If you're like me, for instance, you were dumbfounded when "Forrest Gump" beat out "Pulp Fiction" for best picture; when HBO's "The Sopranos" received more accolades than "The Wire"; and when George W. Bush insisted that Iraqi airplanes were about to drop WMDs on American cities.
So if you're like me, you probably understand why I was momentarily tongue-tied last week after running face-first into conservatives' newest (and most ridiculous) talking point - the one designed to stop Congress from passing an economic stimulus package.
Of course, I had recently heard snippets of this silly argument - right-wing pundits are repeating it everywhere these days. But I had never heard it articulated in such preposterous terms, so my initial reaction was paralysis - the mouth-agape, deer-in-the-headlights kind. Only after collecting myself did I say that such assertions about the New Deal were absurd. But then I was laughed at - as if it was hilarious to say that the New Deal did anything but exacerbate the Depression.
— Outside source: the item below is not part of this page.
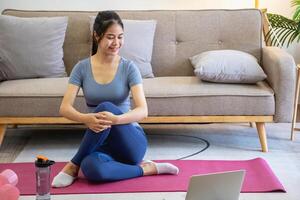 femmes sont élongation, à maison, et aptitude femmes exercice ou faire yoga dans leur chambre pour santé et bien-être une en bonne santé, calme femelle la personne formation ou travail sur le maison sol. photo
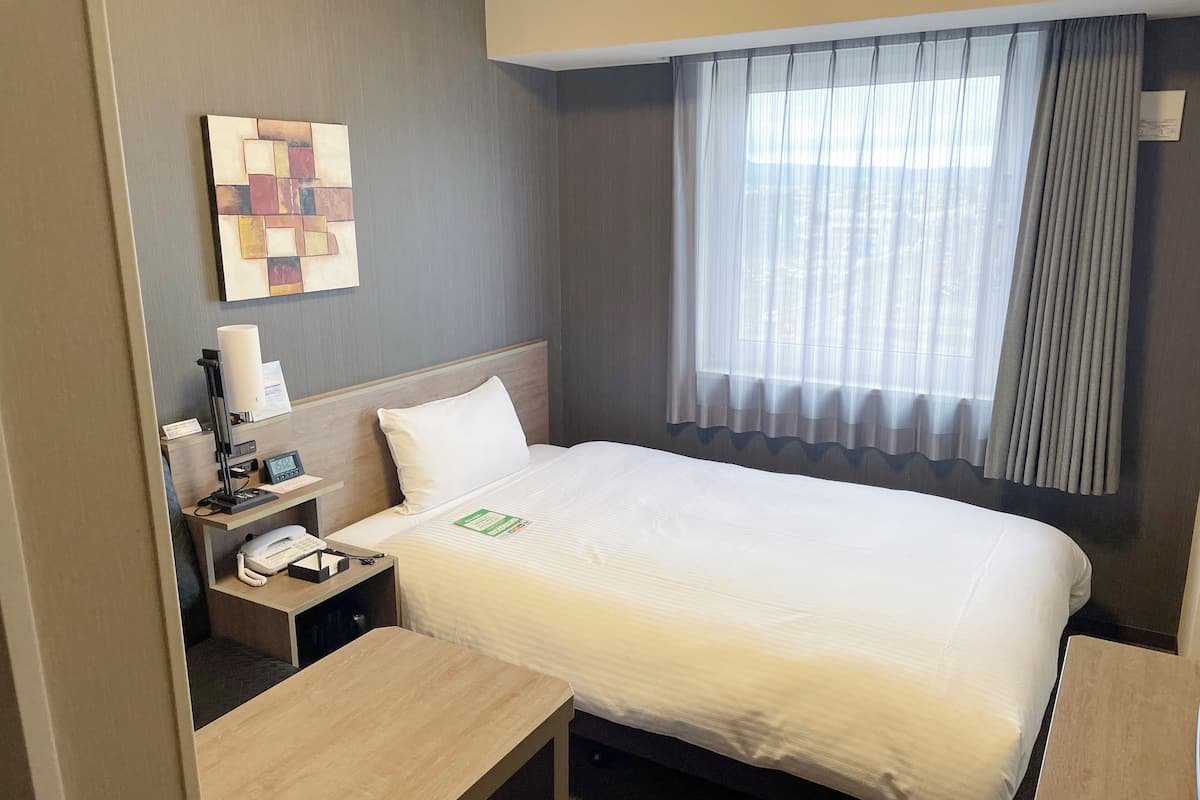 A hotel room with a bed, bedside table, lamp, and a window with curtains.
Afterward, suffering pangs of self-doubt, I wondered whether I and most of the country are the crazy ones. Sure, the vast majority of Americans think the New Deal worked well. But are conservatives right? Did the New Deal's "massive government intervention prolong the Great Depression?"
Ummm ... no.
New Deal revisionism
Upon deeper examination, I discovered that the right bases its New Deal revisionism on the short-lived recession in a year straddling 1937 and 1938. But that was four years into Roosevelt's term - four years marked by spectacular economic growth. Additionally, the fleeting decline happened not because of the New Deal's spending programs, but because Roosevelt momentarily listened to conservatives and backed off them. As Nobel-winning economist Paul Krugman notes, in 1937-38, FDR "was persuaded to balance the budget" and "cut spending and the economy went back down again." (Note: You can view every article as one long page if you sign up as an Advocate Member, or higher).
You can credibly argue that the New Deal had its share of problems. But overall, the numbers prove it helped - rather than hurt - the macroeconomy. "Excepting 1937-1938, unemployment fell each year of Roosevelt's first two terms (while) the U.S. economy grew at average annual growth rates of 9 percent to 10 percent," writes University of California historian Eric Rauchway.
What about the New Deal's most "massive government intervention" - its financial regulations? Did they prolong the Great Depression in ways the official data didn't detect?
Nope.
Financial system rehab
According to Federal Reserve Chairman Ben Bernanke, "Only with the New Deal's rehabilitation of the financial system in 1933-35 did the economy begin its slow emergence from the Great Depression." In fact, even famed conservative economist Milton Friedman admitted that the New Deal's Federal Deposit Insurance Corp. was "the structural change most conducive to monetary stability since ... the Civil War."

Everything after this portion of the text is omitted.